“Lone Survivor” Portrays Passion of the Soldier

Taylor Kitsch, Mark Wahlberg, Ben Foster and Emile Hirsch star in Peter Berg’s “Lone Survivor.” Courtesy of Universal Pictures.

Taylor Kitsch, Mark Wahlberg, Ben Foster and Emile Hirsch star in Peter Berg’s “Lone Survivor.” Courtesy of Universal Pictures.

On February 25th, 2004, I was seated in a theater watching “Passion of the Christ” with members of my church congregation. I had never witnessed so much crying outside of a funeral, as quivering audience members wiped their glistening faces, mixing tears with powdery residue (from Ash Wednesday services) still caking their foreheads. Only one man remained unmoved: my beloved pastor, Father Sherry, who sat next to me with an expression that can best be described as perplexed chagrin. During one of the film’s many gratuitously violent tangents, in which a bird feasts on the eyes of Christ’s crucified heckler, Sherry leaned toward me and whispered, “They ripped that off Hitchcock!”

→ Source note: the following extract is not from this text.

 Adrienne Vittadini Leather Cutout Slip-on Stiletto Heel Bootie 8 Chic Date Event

I imagine Peter Berg’s “Lone Survivor” will provoke the same divisive reactions from mainstream audiences that Mel Gibson’s blood-soaked passion project garnered a decade ago. Berg’s film is as uninterested in the War in Afghanistan as Gibson’s film was in the life of Jesus. No effort is made to contextualize the war itself, explore the controversial reasons why U.S. troops are stationed in Afghanistan in the first place or provide the soldiers with any semblance of a three-dimensional personality. As for the Afghans themselves, they are either sinister moustache-twirlers or saintly caregivers (much like the non-Caucasians in “The Blind Side”). Claims that the film endorses jingoism are somewhat justified by Berg’s dialogue, comprised largely of macho catchphrases such as, “You die for your country. I’m gonna live for mine.”

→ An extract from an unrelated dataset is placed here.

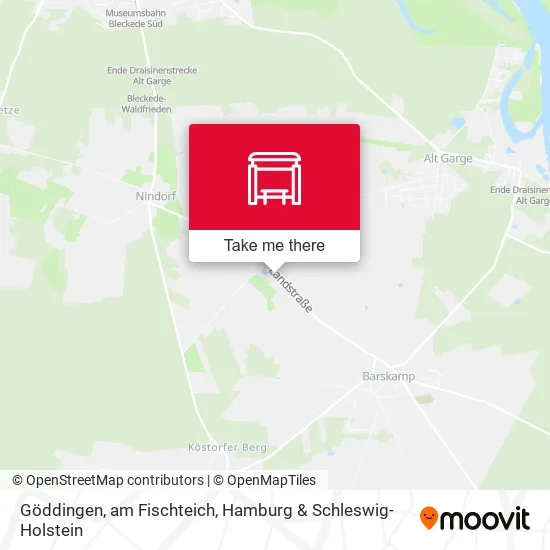 Карта Göddingen, am Fischteich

So what is “Lone Survivor,” in essence, about? Is it little more than a glorified army recruitment ad on the order of Mike McCoy and Scott Waugh’s offensively inept propaganda, “Act of Valor”? During the first ten minutes or so of Berg’s picture, that certainly seems to be the case. Based on a 2007 memoir co-written by former US Navy SEAL Marcus Luttrell, the film recounts a real-life assignment taken by the author and three of his teammates to hunt down Taliban leader Ahmad Shah. Their mission abruptly failed when they were spotted by local Afghans, thus leading to a debate (contrived for the movie, according to Luttrell) on whether to kill the unfortunate bystanders or release them, a decision that would place the soldiers’ own lives in imminent danger. The soldiers chose the latter, resulting in a firefight that killed a total of nineteen soldiers, while leaving Luttrell critically wounded.

Unlike Michael Bay’s hollow patriotic posturing, Berg’s direction isn’t blind to human nuance, coaxing uniformly superb work from Mark Wahlberg (as Luttrell), Taylor Kitsch, Emile Hirsch and especially Ben Foster (in his third great performance of 2013, following “Ain’t Them Bodies Saints” and “Kill Your Darlings”). Like Gibson’s “Passion,” Berg’s “Survivor” is laser-focused on the physical toll of the soldiers’ sacrifice, and it’s here where the film transcends its multitudinous flaws to pack an undeniably visceral punch. Once the men find themselves in over their heads, the subpar script is drowned out by the sheer bone-crunching spectacle of Berg’s expertly staged action sequences, enhanced with peerless sound and makeup design. An already notorious sequence in which the soldiers are forced to hurl themselves down the side of a treacherous mountain is, in some ways, as brutally grueling as the extended scourging scene in “Passion.”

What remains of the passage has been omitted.